DATASET CONTENT:
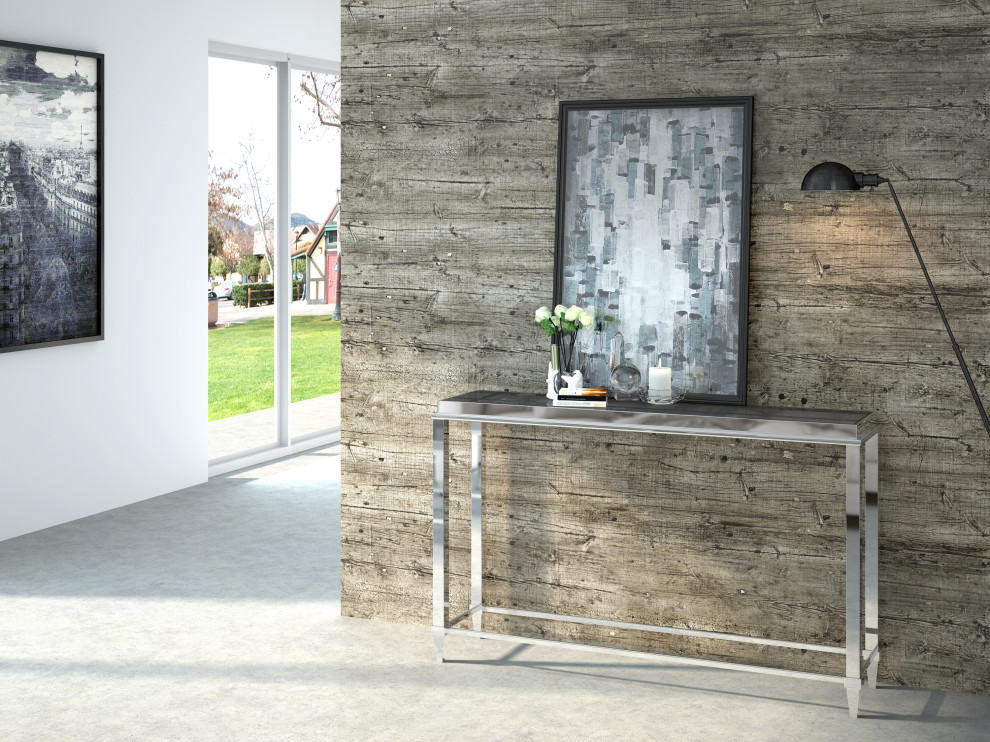 Modrest Agar Modern Glass and Stainless Steel Console Table   Contemporary   Console Tables   by Vig Furniture Inc.  Houzz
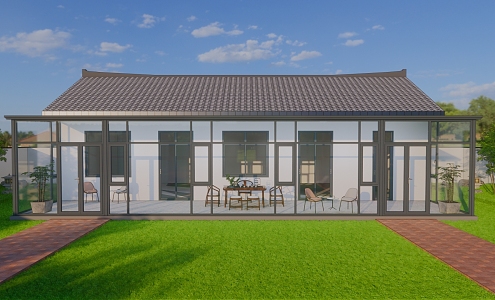 New Chinese-style Sunshine Room Self-built Room External Expansion Sunshine Room Glass Room Broken Bridge Aluminum Floor-to-ceiling Window De Gao Top 3d model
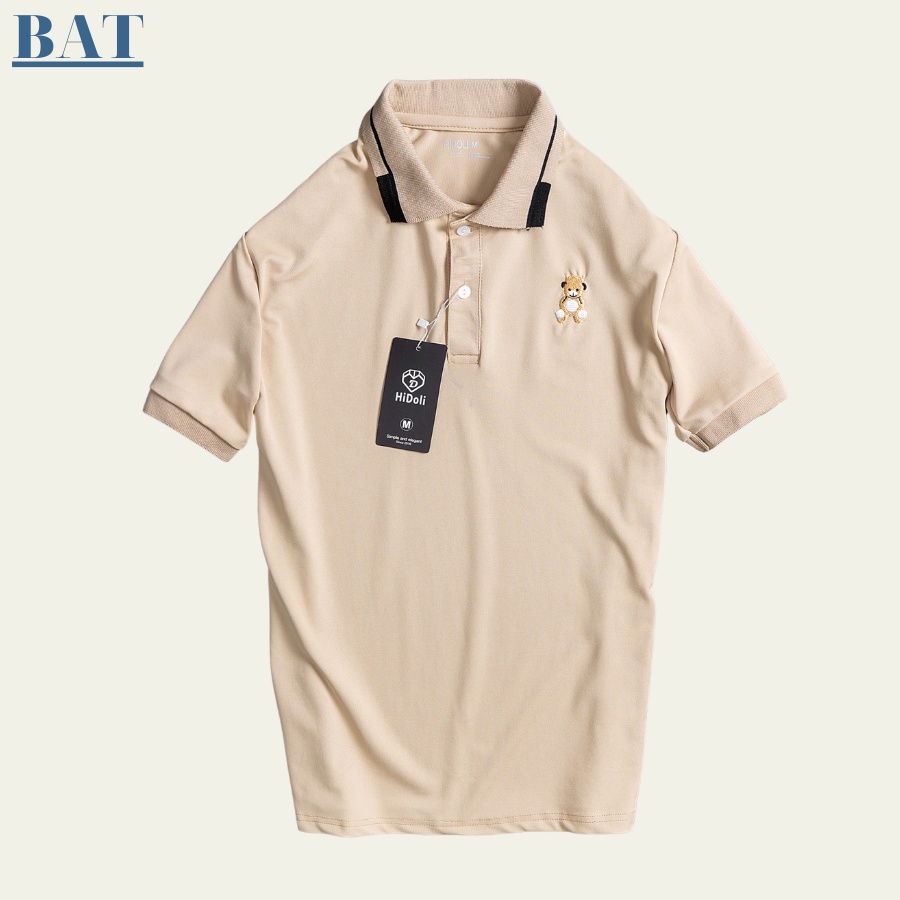 Áo Thun polo Nam cổ bẻ thêu teddy thời trang nam BAT vải cá sấu cotton phong cách thời trang Hàn Quốc.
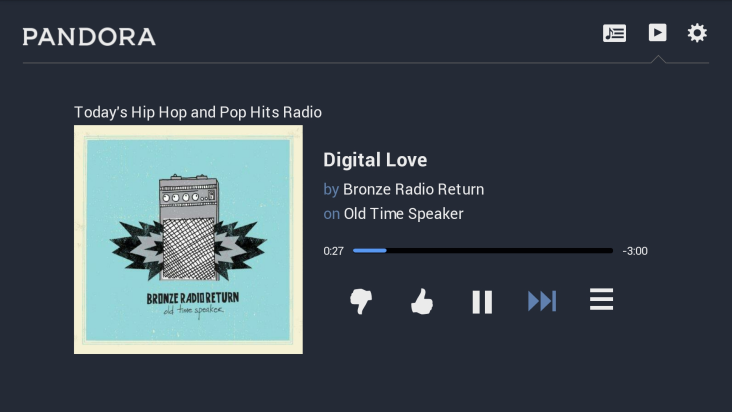Pandora on OUYA screenshot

PROMPT:
Beginning with the line containing "Áo Thun polo" and ending with the last line of the listing above, output those lines exactly as written, without pictures.

SOLUTION:
 Áo Thun polo Nam cổ bẻ thêu teddy thời trang nam BAT vải cá sấu cotton phong cách thời trang Hàn Quốc.
Pandora on OUYA screenshot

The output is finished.